Audi C5 A6 Emergency Running Mode a.k.a.. "Limp-Home" Mode

Last Updated: 10/15/2018
Parts Group: Transmission
Imagine you’re in a bad neighborhood, and the transmission on your car has just suffered a serious failure. Normally you might be in danger, have to call a tow truck, and whatever plans you had go out the window for the next several hours because you’re stranded. However, on an Audi C5 A6 with the 4.2 V8 motor, and the ZF 5HP-24A automatic transmission, you would not be stranded. Much extra engineering effort has been dedicated to helping such Audi owners get home safely.

The car’s transmission control computer gets a variety of inputs from sensors all over the car. If it determines that something is seriously wrong, it changes the transmission setting to a very conservative mode that Audi refers to as "emergency running mode" in which Park, Reverse and Neutral work as you’d expect, but as to forward motion, there is only 4th gear. In that mode, the transmission bypasses many of its internal components that might be failing.

In this mode, the car is indeed slower when starting off from a dead stop but it will gradually and smoothly accelerate and then function essentially normally. The Audi can likely still exceed 100 mph in this mode.

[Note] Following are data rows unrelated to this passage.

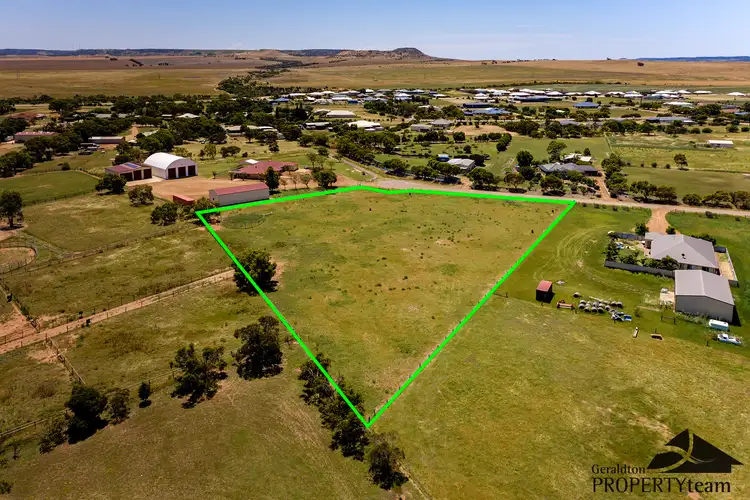 Fifth view of Homely land listing, 5 Romney Retreat, Deepdale WA 6532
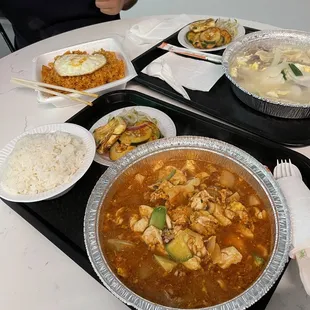 Dumplings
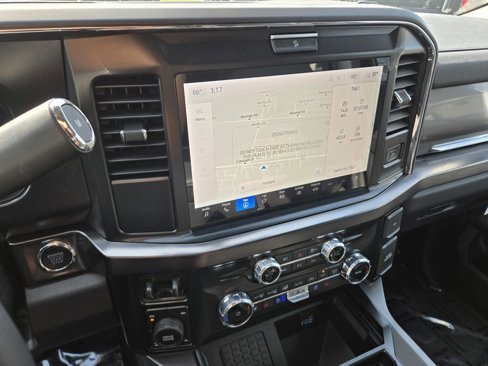 New 2026 Ford F250 Lariat image 7
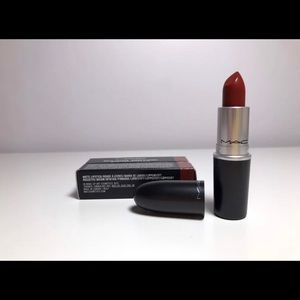 MAC Matte Lipstick - 646 Marrakesh.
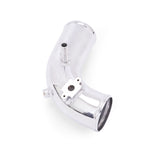 Mishimoto 11-14 Ford F-150 3.5L Ecoboost Cold Side Intercooler Pipe Kit - Polished - MMICP-F150-11CP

Audi owners informally refer to this mode as "limp-home" mode a.k.a. “limp mode” using the analogy of a dog that’s been hurt and limps home to comfort, safety and healing.

Whenever the car enters this mode, there is a loud “clunk” and a jarring motion.

The transmission control computer resets its mode every time the ignition key is turned off, so then the transmission will start out in 1st gear, but if the root cause of the problem hasn’t been resolved, then it will re-enter limp-home mode.

These cars are so powerful that they can practically be driven in this mode for a long time. The car generally behaves in a normal way; it just has lackluster forward acceleration from a dead stop or at low speeds.

The same root cause that typically triggers “limp mode” going forward may eventually damage the “reverse” mechanism too. Also, in this mode, it’s important to be gentle with the throttle. Regardless, you’re likely looking at replacing or rebuilding the transmission – and yes, we do offer that.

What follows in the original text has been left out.